Ник и Эдвина, пившие кофе, переглянулись. Потом Эдвина повернулась к сыну:

— Сын, ты не считаешь, что у вас в играх слишком высокие ставки?

— Да ладно тебе, мам, ты же знаешь, какая у нас жизнь! Покер помогает немного расслабиться, забыть о войне… А это нам необходимо.

— Я знаю, и тем не менее — тысяча фунтов стерлингов! Это пять тысяч долларов. Слишком большие деньги, чтобы их вот так просто проигрывать в карты. Я уверена, у вас много ребят, которые не могут позволить себе такие траты.

— Это их проблемы. Я могу себе это позволить. Или, вернее, отец может. Каждому известно, что компания Рамсчайлдов неплохо подзаработала на этой войне, не так ли, отец? Дивиденды одни, как форт Нокс!
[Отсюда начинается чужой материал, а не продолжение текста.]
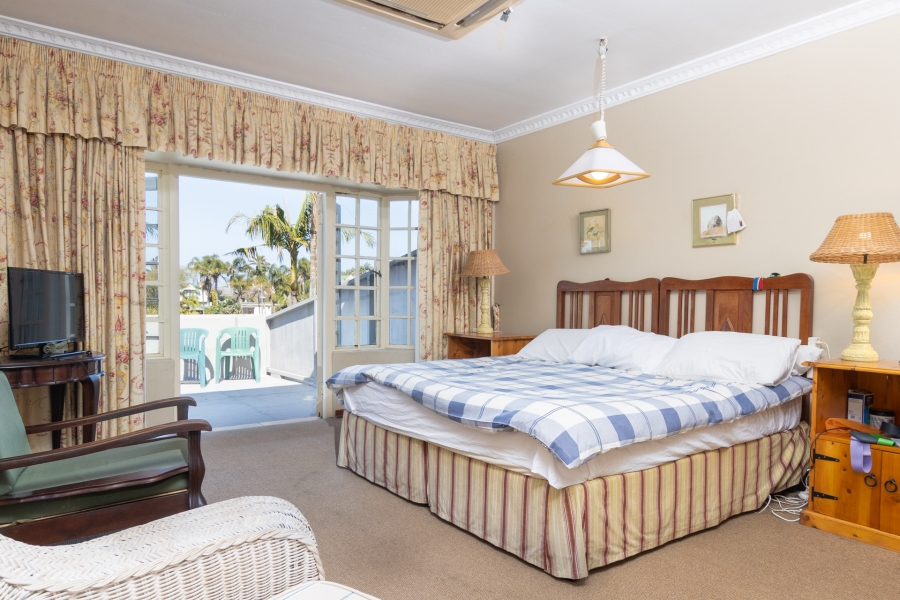 6 Bedroom Property for Sale in Salt Rock KwaZulu-Natal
Ник холодно взглянул на сына.

— Да, я делаю деньги, — ровно сказал он.

— Вот я и говорю! В самом деле, не будешь же ты жалеть тысячу фунтов проигранных денег? Скажем, это будет где-то по полторы сотни фунтов за каждого сбитого мной немца. Это даже дешево выглядит. — Он засмеялся и глотнул бренди.

— Ладно, вы мужчины, обсуждайте такие вопросы сами, — сказала Эдвина, поднимаясь с дивана. — Я очень устала. Доброй ночи, милый, — сказала она, целуя сына в щеку. — Мы очень гордимся тобой, и все же я считаю, что не пристало тебе торговать своими победами. Тем более с отцом. Это выглядит несколько… нехорошо.

— Ну что ты, мам! Это же игра! — засмеялся он. — Если уж на то пошло, то вся война — это игра.

— Для сирот из Тракс-холла это вовсе не игра, — сдержанно ответила Эдвина и вышла из библиотеки.

— Мама совсем замоталась с теми ребятами, да? — сказал Чарльз, когда за Эдвиной закрылась дверь. Прикладываясь то и дело к рюмке, он опустился в кресло. — Лично я страшно горжусь ею, а ты, пан? Конечно, у тебя у самого работы хоть отбавляй! Я имею в виду в Лондоне. Маргарет рассказывала, что ты просто спас ей жизнь той ночью, когда разбомбило дом через улицу.